Kevin Gallagher of Boston University called the IMF’s new position “truly landmark” but went on to say “the IMF decree does not go far enough. The IMF is still biased toward the eventual liberalisation and deregulation of capital flows, despite academic evidence that premature liberalisation can be harmful to financial stability. What is more, the IMF allows for a very narrow band of circumstances for the use of capital controls, despite the fact that its own research has shown that such measures have worked under a broader set of circumstances. Finally, the IMF puts the majority of the burden for regulating capital flows on emerging market and developing countries, not the industrialised nations that are the source of the speculative finance in the first place. The IMF’s baby-step forward may amount to a big step backward in the broader debate and discussion on the management of capital flows.”

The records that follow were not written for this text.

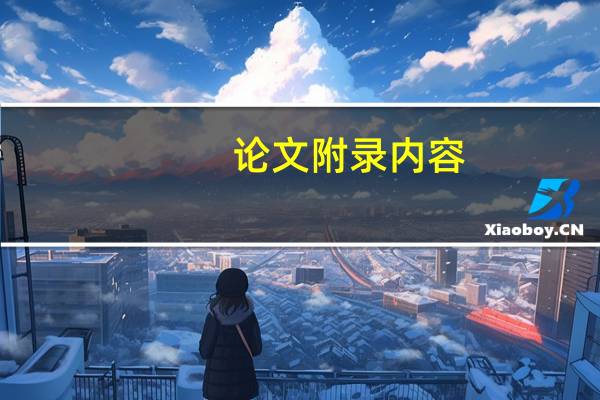论文附录内容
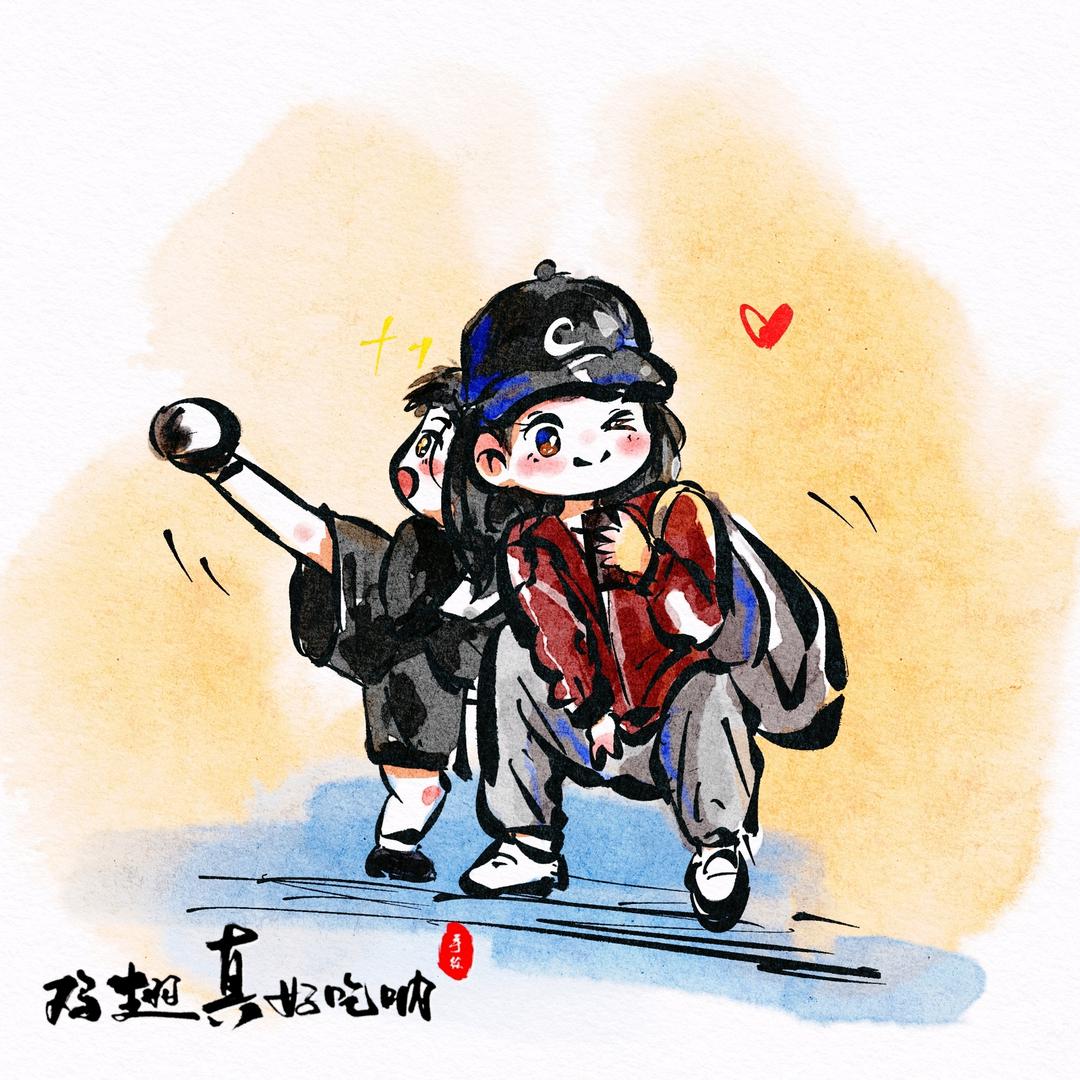 亿恩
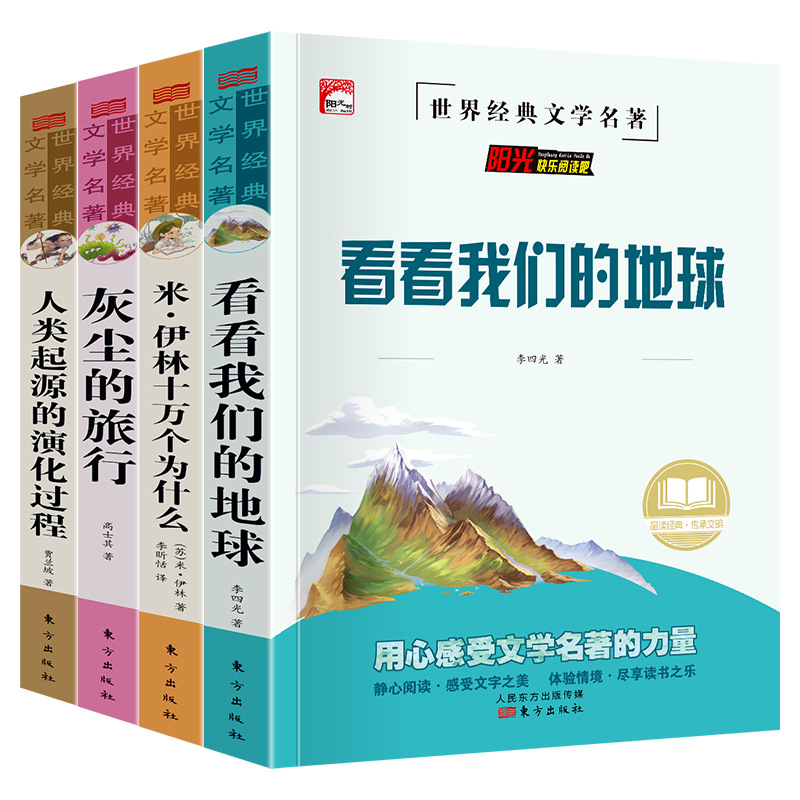 [Full set of 4 volumes] Volume 2 for Grade 4 thickened edition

Kavaljit Singh of Indian think tank Public Interest Research Group argued that “its strict adherence to a particular theoretical framework is very much evident in the policy paper which strongly argues that capital flow liberalisation is generally more beneficial and can spur financial and institutional development. In the post-crisis world, there is overwhelming evidence which suggests that pro-cyclical capital flows engender both macroeconomic and financial instability, and even countries with strong macroeconomic fundamentals cannot cope with volatile capital flows. … A major departure from its theoretical positions on capital flows could have added to the credibility and legitimacy of the IMF as an unbiased policy advisor to member countries. Alas, the IMF has lost this opportunity.”
It’s all in the implementation
During a visit to the Philippines shortly after the board discussion, IMF managing director Christine Lagarde faced awkward questions. Deputy governor of the central bank Diwa Guinigundo told journalists that “unique individual country circumstances should be considered” and that the IMF should, “when warranted, by all means endorse” capital flow regulations, including any implemented by the Philippines.
The IMF will face considerable scrutiny as it begins to implement its new institutional view. Martin Rapetti of Argentine think tank Centro de Estudios de Estado y Sociedad (CEDES) argued in mid-November that for Latin America, the main threat from volatile capital flows is no longer financial crises. “Capital inflows have led to a pronounced appreciation of the real exchange rates (RERs) in the region, especially in South America. … Current RER levels are unlikely to trigger a sudden stop and consequently do not represent a threat in terms of external and financial crises. They do, however, pose a threat in terms of development prospects.” That is because a rising exchange rate inhibits growth via its “impact … on the tradable sector, especially on manufactures and knowledge-intensive tradable services.”
Rapetti recommends that capital account policy should be one tool for targeting exchange rates in order to stimulate economic development. Given that the new IMF policy only provides limited space for using capital account measures, the policy recommended by Rapetti would be considered off limits by the Fund.